UK supermarket sales increased by 3.2 per cent thanks to price rises “keeping supermarket performance buoyant”.
In the 12 weeks to November 5, Sainsbury’s was the best performing of the Big 4 grocers, growing sales by 2.6 per cent according to Kantar Worldpanel.
This marks the first time since last April that Sainsbury’s has pulled ahead of the pack in terms of growth, seeing an additional 364,000 shoppers.
Despite the positive quarter, the grocer’s market share fell 0.1 per cent.
Meanwhile, its bigger rival Tesco was hot on its heels with sales growth of 2.3 per cent, amid news that its forthcoming merger with the UK’s largest supplier Booker has been given the green light.
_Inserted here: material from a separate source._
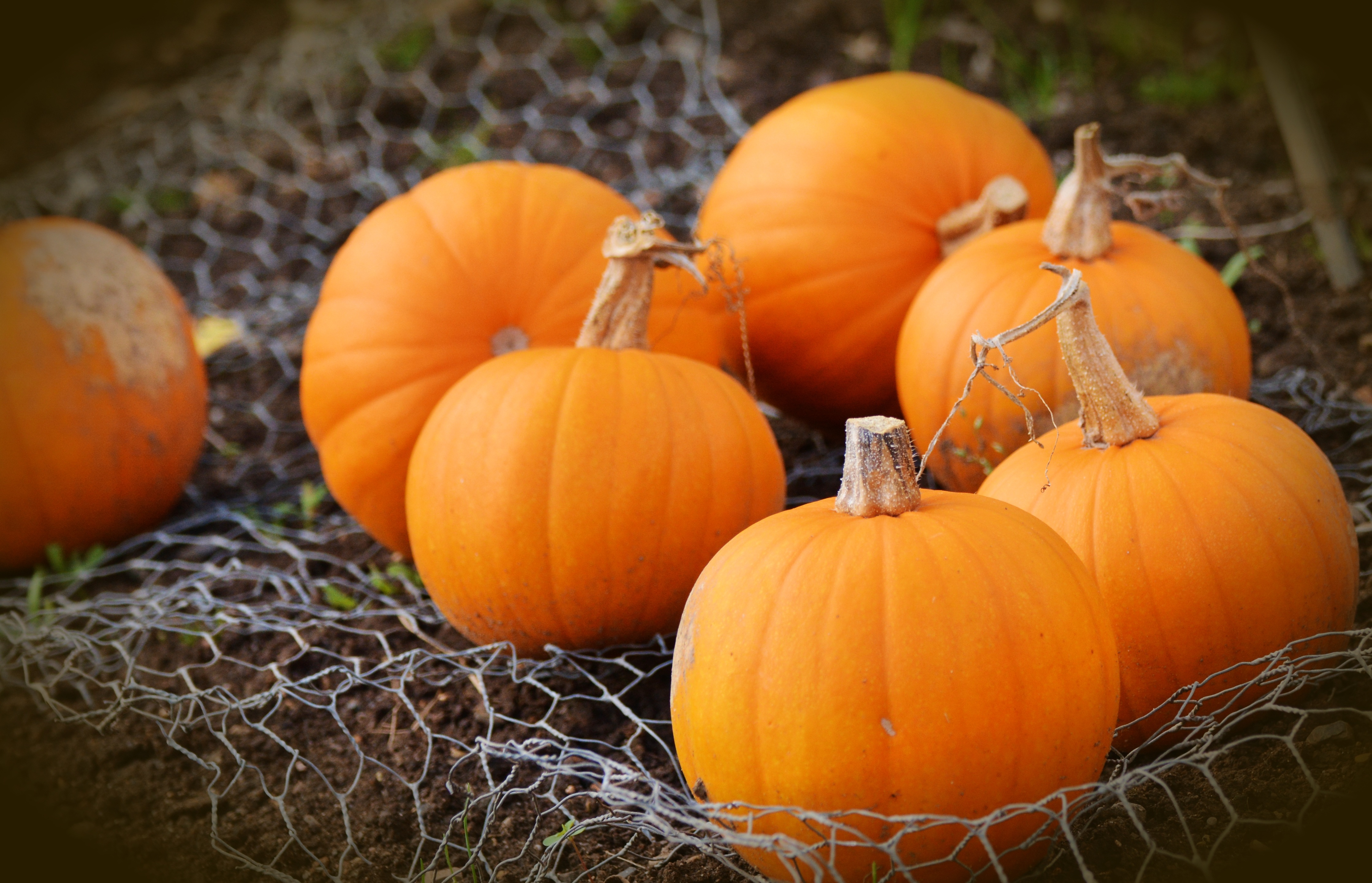 How to Make Your Pumpkins Last Longer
Its market share also dipped 0.2 per cent.
Elsewhere among the Big 4, Asda enjoyed its eighth period of sales growth jumping 1.5 per cent driven by an 88 per cent sales boost in its budget Farm Stores range.
Both Morrisons and Iceland also saw growth of 2.1 per cent and 1.1 per cent respectively, but both also saw a 0.1 per cent drop in market share.
Aldi and Lidl once again outshone the leaders dramatically in terms of sales growth, rising by 13.1 per cent and 15.1 per cent respectively.
A raft of new store openings has aided Lidl in growing its market share 0.5 per cent, while Aldi’s jumped to rise 0.6 per cent to 6.7 per cent.
“Volume sales have increased by less than one per cent, meaning it’s price rises keeping supermarket performance buoyant,” head of retail and consumer insight at Kantar Worldpanel Fraser McKevitt said.
“Like-for-like grocery inflation now stands at 3.4 per cent – its highest level since November 2013. With the average shop currently costing £18.26, consumers are now paying an extra 62 pence each time and over the course of a year it could add £143.70 to a typical family’s grocery bill.”
According to Nielsen, who also released grocery market figures this morning, nine out of the 10 biggest supermarkets in the UK saw growth in the 12 weeks to November 4.
UK grocery sales reportedly increased 3.1 per cent year-on-year, and 1.7 per cent excluding discounters.
This represents a slight slowdown in growth thanks to a mild October and shoppers holding out until the Christmas period.